And then there were the kidnappings. As soon as the Soviets arrived in Berlin, people started disappearing. The sight familiar from the days of the Gestapo of cars driving up, strong men jumping out and seizing someone, forcing them into the back of a car and disappearing – forever – continued. Unlike the rape, the looting and the reparations, the incidents of kidnapping rose as time went on.
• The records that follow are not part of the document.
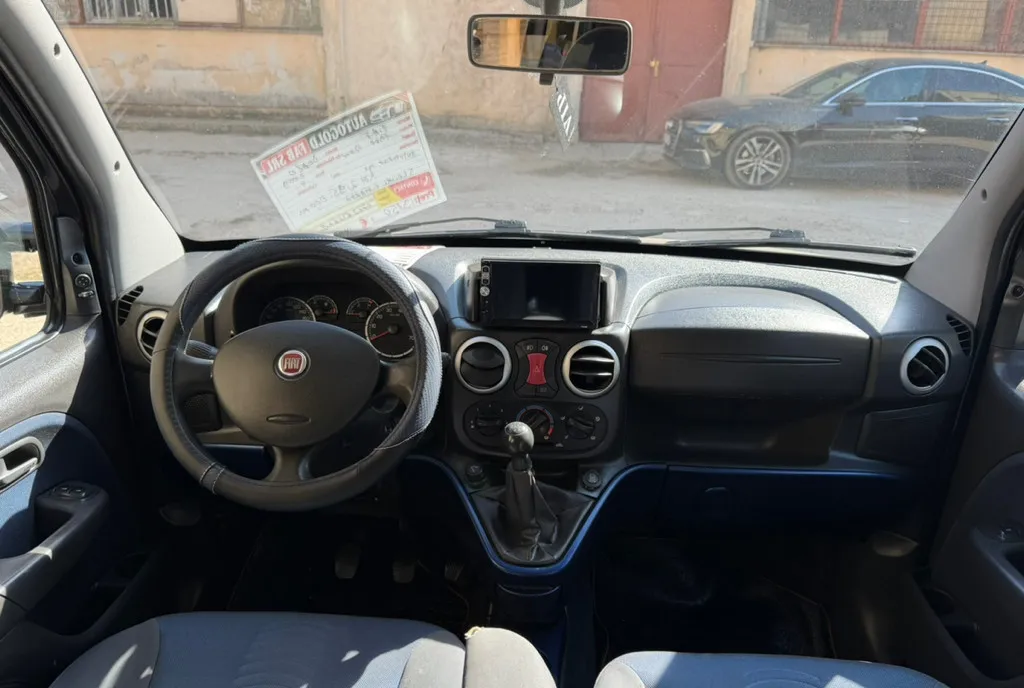 Fiat Doblo Malibu 2009 bull 1 9 Multijet 120 CP bull 5 locuri bull Pe firma 3 150 eur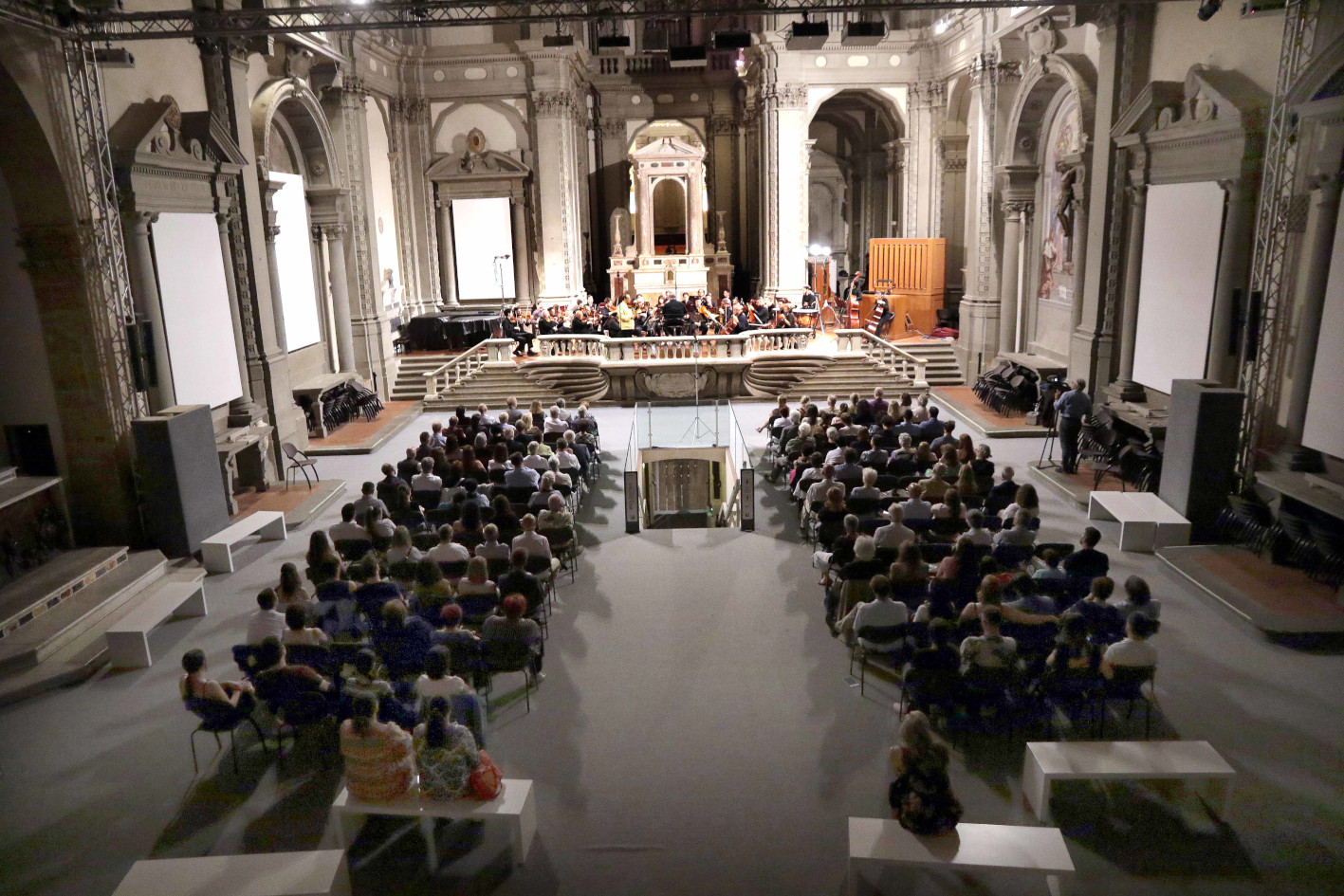 Orchestra Toscana Classica in Santo Stefano al Ponte (Fonte foto ufficio stampa Marco Mannucci)
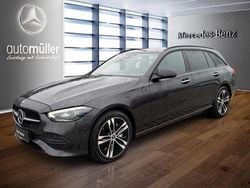 Grau Gebraucht 2023 Mercedes C300e Night Limousine | 30.980 € (Fairer Preis)
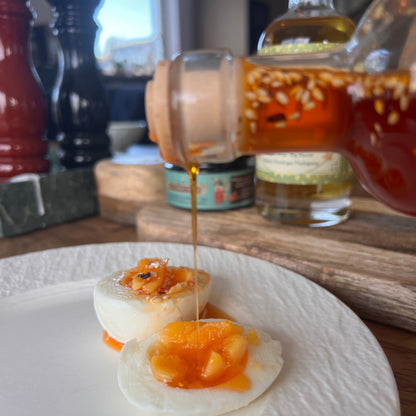 chiliolja ägg recept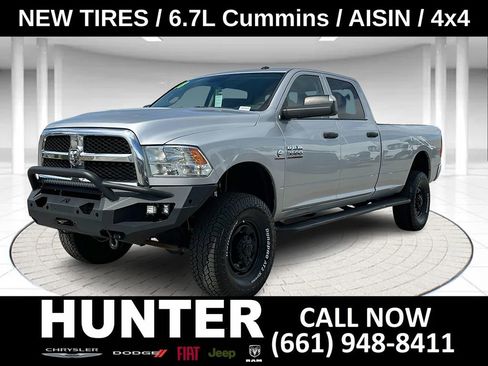Used 2018 RAM 3500 Tradesman w/ Chrome Appearance Group image 1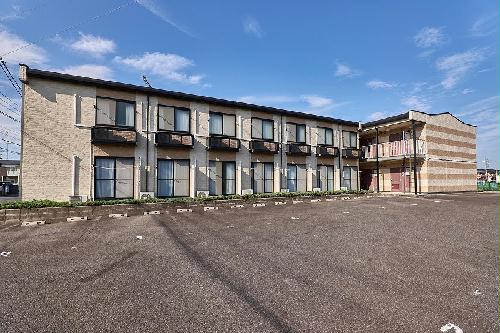 建物外観　WI－FIネット環境完備　セコムセキュリティ無料　カードキー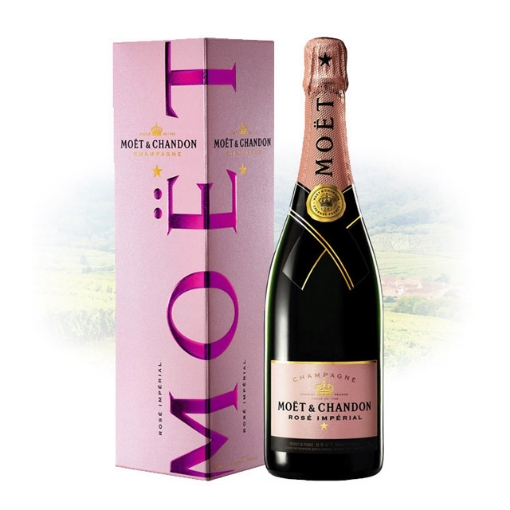 图片 Moet & Chandon Rose Imperial Champagne 750 ml, MOETROSE750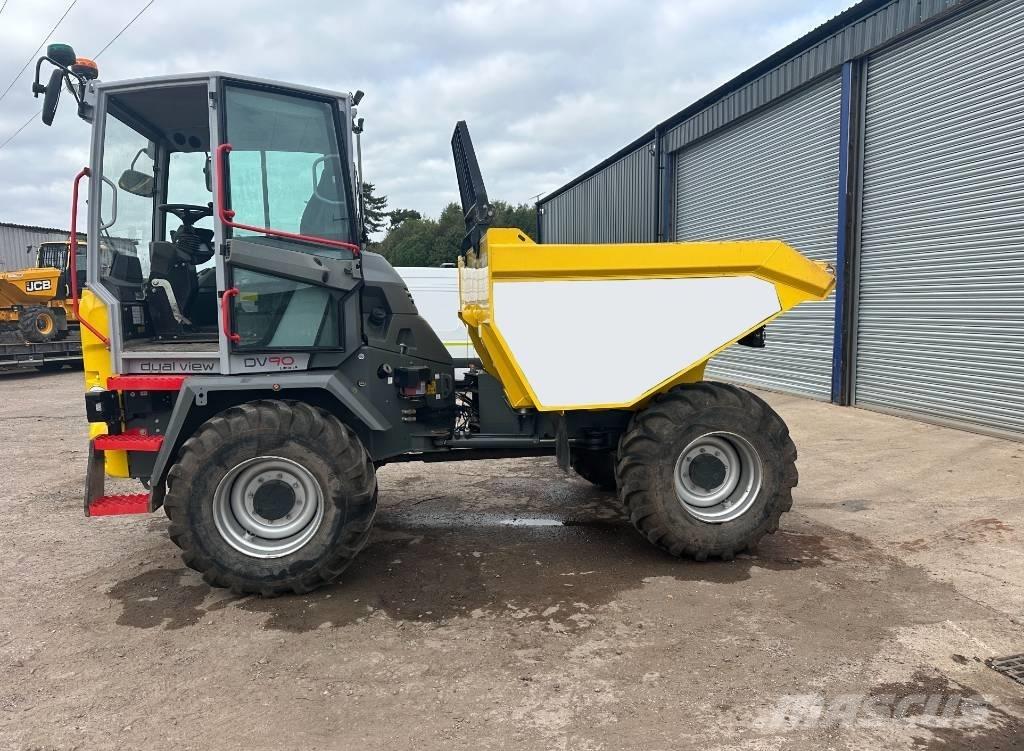 Wacker Neuson DV 90 Vyklápěcí dempry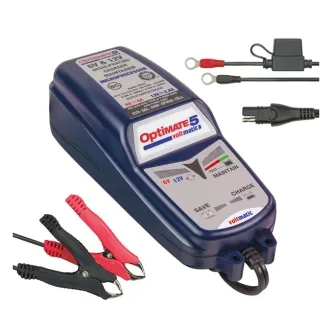 Tecmate Optimate 5, Volt Matic 6/12V Battery Charger (6300546)
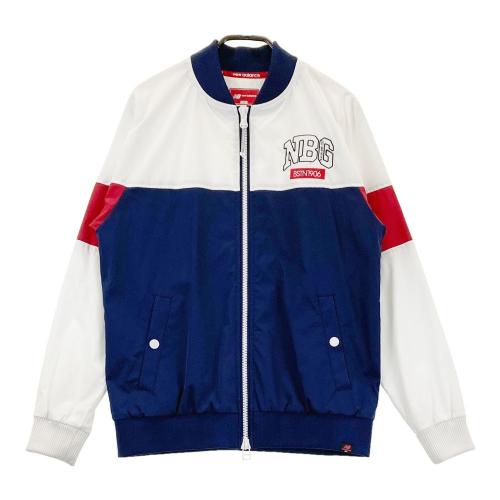 ニューバランスゴルフ セーター ライトグリーン×白 フロントロゴ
Colonel Howley estimated that there had been a total of 2,000 politically motivated kidnappings in Berlin since the arrival of American troops and more than half of them occurred in the first half of 1948.

Some dissents, the lucky ones, didn’t disappear entirely, they were simply sent to “re-education” centres. The Soviets were fortunate not to need to build facilities for their re-socialisation efforts. They found the former concentration camps of Buchenwald and Sachsenhausen immanently suitable for their purposes. Between 1945 and 1950, no less than 200,000 people form the Russian Zone (and some captured from the Western Zones) were sent for “re-education” in these camps; one third of them died there.[iii]

Meanwhile another form of re-education was being exercised at the only major university in Berlin. Communist ideology was now a compulsory subject and all lectures had to be submitted to Party ideologues in advance to ensure conformity with the Party Line as dictated from Moscow. To ensure that alternative perspectives could not develop, propaganda broadcasts were piped into the cafeteria to inhibit discussion among students. And still the University was a hot-bed of “reactionary” thinking forcing the Soviet authorities to arrest 2,000 students in 1948 alone, 600 of which were found to be in such dire need of serious re-education that they had to be sent Buchenwald or Sachsenhausen.

Even if a Berliner could avoid having skills useful to the Soviets or having thoughts subversive to Communism, he/she still faced a degree of harassment and intimidation unknown in the West or under the Nazis. Namely, his/her freedom of movement was severely restricted by a variety of bureaucratic measures that made it necessary to ask permission for almost anything, and on top of that he/she was subjected to arbitrary search and the “confiscation” of “illegal” goods whenever he/she tried to move about the city or travel between Berlin and the surrounding countryside. It is hardly surprising that most Berliners viewed the “confiscations” as a continuation of the plundering of the early days of the Occupation.

It was humiliating for the Allies to have their trains and convoys stopped, but the Allies never had to live in fear of deportation or disappearing into a re-treaded Nazi concentration camp. The Western Allies were being harassed and humiliated with regard to their rights and prerogatives, Berliners were being threatened in their very existence. Thus while the American fretted whether the Berliners could be expected to suffer hardships for the sake of Western Allied rights, the Berliners were despairing that the Americans would ever grasp the fact that the Soviets were inherently untrustworthy, congenitally aggressive and fundamentally evil. It is notable that at no time leading up to the crisis did the free press in West Berlin perceive the growing crisis as one of Allied rights. For the Berliners the issue was always one of their own freedom.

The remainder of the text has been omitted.